Dataset
Deformation, Strains, and Velocities for the Tibetan Plateau from Sentinel-1 InSAR, GNSS, and Levelling Data, version 1
Abstract
This dataset provides velocity and strain rate fields for the Tibetan Plateau derived from Sentinel-1 Interferometric Synthetic Aperture Radar (InSAR), Global Navigation Satellite System (GNSS), and levelling data. Interferograms in GeoTIFF format at ~100 m resolution are available from the Centre for the Observation and Modelling of Earthquakes, Volcanoes and Tectonics - Looking Inside the Continents from Space InSAR (COMET-LiCSAR) portal (https://comet.nerc.ac.uk/comet-lics-portal/).
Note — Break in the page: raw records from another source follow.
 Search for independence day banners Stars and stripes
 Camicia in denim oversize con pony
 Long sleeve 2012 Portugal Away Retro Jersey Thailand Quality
Using the Looking Inside the Continents from Space with Small Baseline Subset (LiCSBAS) approach, line-of-sight displacement time series and average velocities at ~1 km resolution are inverted, applying corrections for troposphere, ionosphere, Earth tides, and plate motions. Also compiling GNSS velocities and levelling observations from published studies. Following the velmap methodology, a unified coarse 3D velocity field is obtained that fits the GNSS, levelling, and InSAR data. From this, mosaics of ascending and descending line-of-sight velocities in a Eurasia reference frame. Inverting pixel-by-pixel for the east-west and vertical velocities directly from the referenced line-of-sight velocities, using the north–south velocities from the coarse 3D velocity model as a constraint. Strain and rotation rates are calculated from the horizontal gradients of the median-filtered east-west velocities at InSAR resolution and the north-south velocities from the coarse velocity model. Further details are provided in Wright et al. (2025, Science).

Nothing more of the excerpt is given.